# Work instruction
Type out the data exactly as given. Skip any image.

Brief descriptive captions:
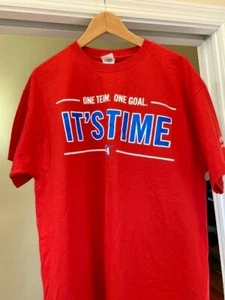 LOS ANGELES CLIPPERS “ONE TEAM ONE GOAL IT’S TIME” PLAYOFFS RED SGA SHIRT XL - Picture 1 of 6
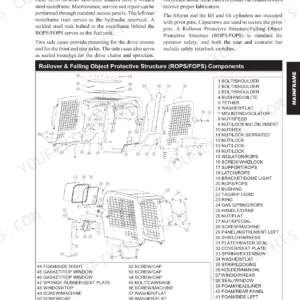 Gehl SL3640, SL3840, SL4240 exploded view diagram of ROPS/FOPS components and parts list for the mainframe assembly.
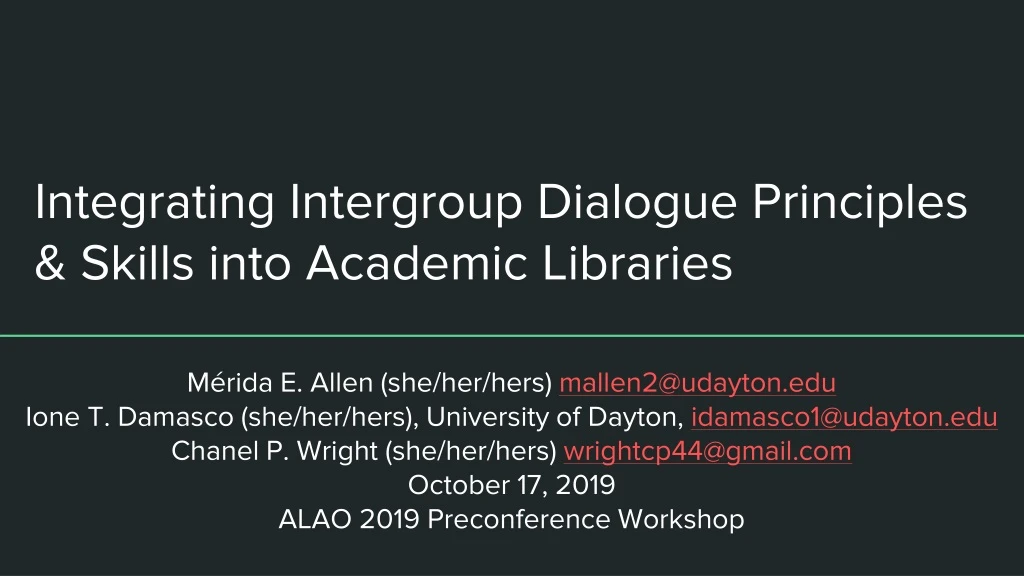 integrating intergroup dialogue principles skills into academic libraries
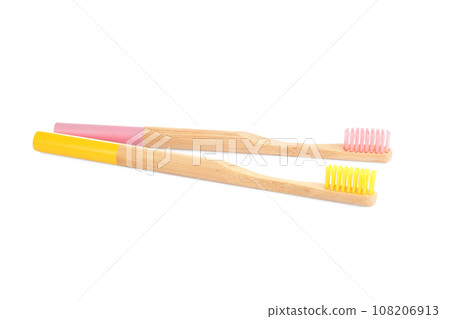 Natural bamboo toothbrushes with soft bristles isolated on white 108206913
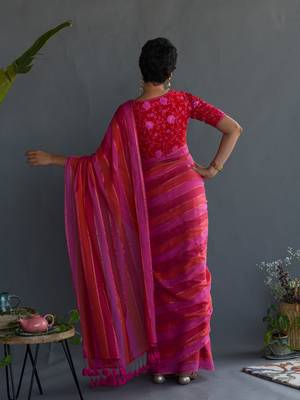 Suta Multicolor Striped Pure Cotton Saree Without Blouse 6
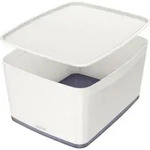 Leitz Aufbewahrungsbox MyBox 52161001 mittel 18l Deckel ws/gr - Grau/Wei&szlig;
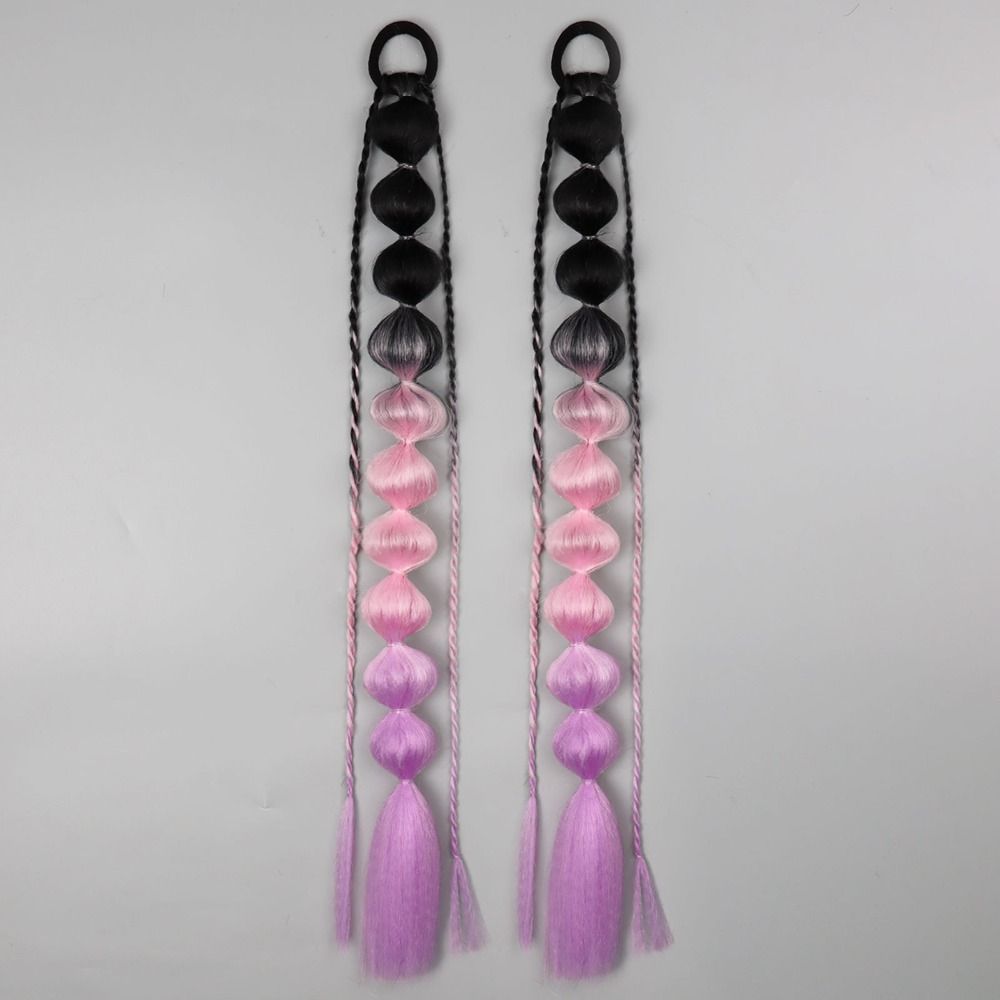 2Pcs Colorful Twist Braid Bulk Lantern Braid Braided Ponytails Natural Bubble Jumbo Braid for Women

# Answer section
 LOS ANGELES CLIPPERS “ONE TEAM ONE GOAL IT’S TIME” PLAYOFFS RED SGA SHIRT XL - Picture 1 of 6
 Gehl SL3640, SL3840, SL4240 exploded view diagram of ROPS/FOPS components and parts list for the mainframe assembly.
 integrating intergroup dialogue principles skills into academic libraries
 Natural bamboo toothbrushes with soft bristles isolated on white 108206913
 Suta Multicolor Striped Pure Cotton Saree Without Blouse 6
 Leitz Aufbewahrungsbox MyBox 52161001 mittel 18l Deckel ws/gr - Grau/Wei&szlig;
 2Pcs Colorful Twist Braid Bulk Lantern Braid Braided Ponytails Natural Bubble Jumbo Braid for Women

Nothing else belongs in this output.